Circulating immune cells phenotypes were assessed for 31/34, 26/30, 28/29 and 20/25 disease-free survivors in the ATG-F cohort on days 40, 100, 180 and 365 after PBSCT, respectively; and for 6/23, 15/17, 9/15 and 7/9 disease-free survivors in the control cohort on days 40, 100, 180 and 365 after PBSCT, respectively. A-F) Absolute cell counts in the peripheral blood of ATG-F (blue box) and control (white box) patients are shown. Box and whisker plots display the median, 25th and 75th percentiles of the distribution (box) and whiskers extend to 5th and 95th percentiles. The grey horizontal line and shaded grey area show the median and normal range (from 5th to 95th percentile) in 22 age-matched healthy controls. G-H) Relative proportions of naïve and memory subsets among CD4+ (G) and CD8+ (H) T compartments were assessed, according to pre-transplant ATG-F or not. Mean and standard deviation are shown. *p <0.05; ** p<0.01.

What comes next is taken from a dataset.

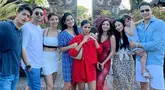 Titi Kamal beberapa hari belakangan tampak menikmati liburan di Bali. Kali ini, liburannya bersama para sahabat yang di antaranya berasal dari pemain sinetron Tertawan Hati. Ada Naysila Mirdad yang memakai baju merah, hingga Jonas Rivanno yang mengajak Asmirandah dan putrinya. (Liputan6.com/IG/@titi_kamall)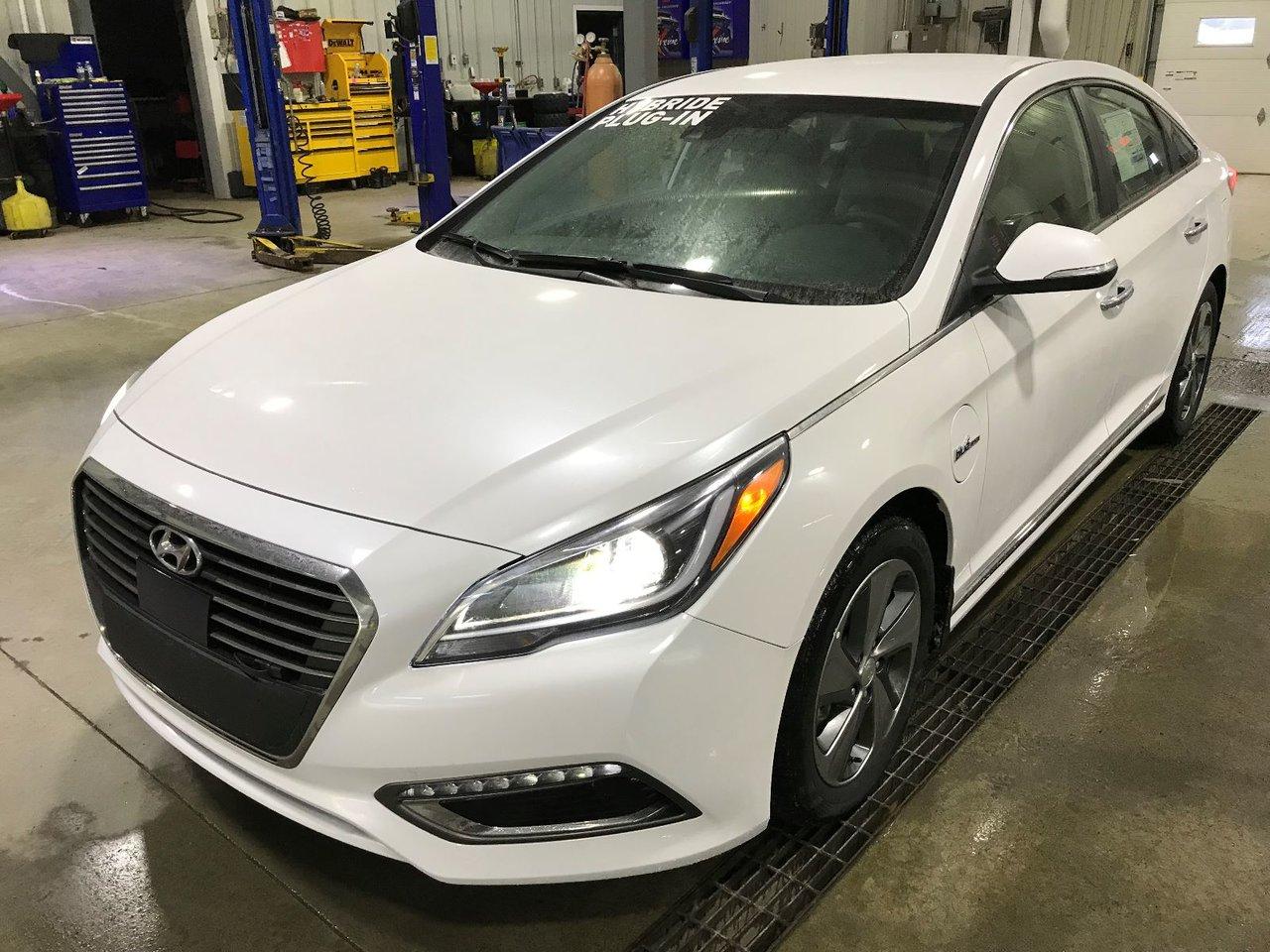 Used 2017 Hyundai Sonata Ultimate Cuir Gps for sale in Val-D'or, QC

https://doi.org/10.1371/journal.pone.0130026.g002

When looking at the relative proportion of naive and memory subsets among CD4+T cells, we observed a specific defect of the naive and central memory cell compartments during the first 6–12 months after PBSCT in ATG-F patients as compared to control patients (p<0.01 on days 40, 100, 180 and <0.05 on day 365 for the naive subset, and p<0.05 on days 100 and 180 for the central memory subset). This resulted in compensatory higher proportion of effector memory cells (p<0.01 on days 40, 100, 180 and <0.05 on day 365). A representative diagram at day 100 is shown in Fig 2G.

Regarding CD8+T cells, median levels of central memory (CD45RA-CCR7+), effector memory (CD45RA-CCR7-) and CD45RA-re-expressing late effector memory (CD45RA+CCR7-) CD8+T cells were similar in both groups throughout the study period. Their median counts reached normal values by day 40–100 after PBSCT. To the contrary, a significant delay in recovery of naive (CD45RA+CCR7+) CD8+ T cells was observed up to 1 year after PBSCT in ATG-F patients as compared to control patients. Specifically, while median naive CD8+T-cell counts were within the normal range by day 40 in control patients, it did not reach the lower limit of normal range by 1 year after PBSCT in ATG-F patients.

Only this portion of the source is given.